SEE talks deep with BINQ

In this edition, we talk deep with Jacob from BINQ.

Q1: Who is responsible for the creation of a sustainable building – the building owner or the building industry?

The building industry absolutely. Building owners should have experts and resources available to be able to make better informed decisions regarding building sustainably. How can owners be expected to build sustainably when the supply or experts aren’t available?

Q2: Comment on the following: Sustainability is still relatively young in Australia, whereby we don’t know what our individual or collective role is to achieve it.

The building industry as a whole is behind the eight ball with sustainability. We lack local experts and supply. If we are to become more focused and more effective in our approach to building sustainably then this needs to be spear headed by industry experts and those wanting and willing to make our building industry better. If we don’t see that it’s possible then we don’t even start looking for the solution.

Q3: Regulation, standardisation of energy efficiency plus innovation of new materials and building systems have been positive drivers changing our old school ways of constructing buildings. Are we ready now to up the ante to provide the best sustainable outcome, inside and out? Who and what will it take?
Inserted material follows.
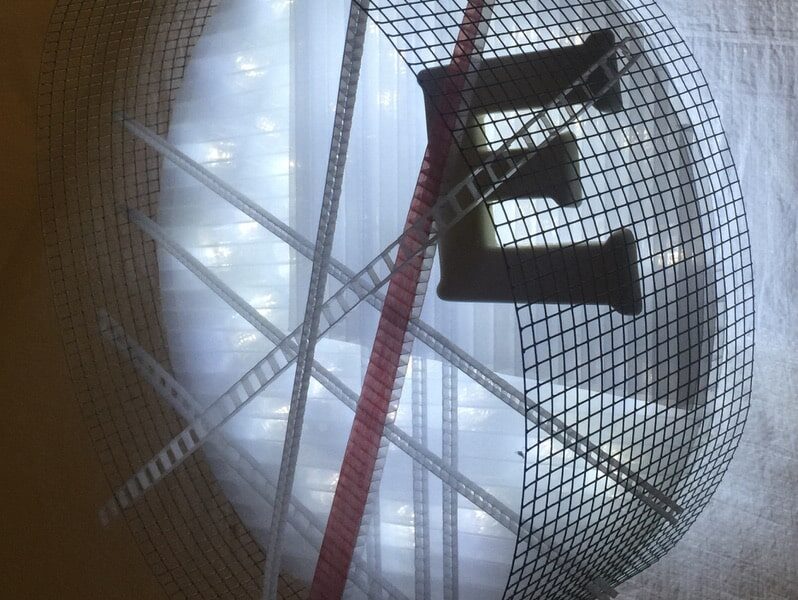 Runnin' On, original circular LED wall sconce light sculpture by Lumencrafter: A cool white LED rope light shines through a diffusion circle with large  ceramic E and painted red pointer; polycarbonate strips poke through surrounding steel mesh cylinder.  Sculpture shown at 2018 Grey County Autumn Leaves Studio Tour.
I think Australians are yearning for better buildings. We have such a high standard of living on a world scale, yet our buildings are well below our nations peers. Australia has the highest sales per capita of AMG Mercedes. What does that tell you? We as a nation have the money and are willing to spend it on a quality product. But in the building industry, that product must first be made available. We need to rethink our approach to buildings. Rather than looking at more energy efficient consumption, we should be intently focused on not using the energy in the first place. This will only be driven by company owners, architects, industry bodies and government legislation. The demand is already there from a consumers perspective, it’s just that the product isn’t readily available yet.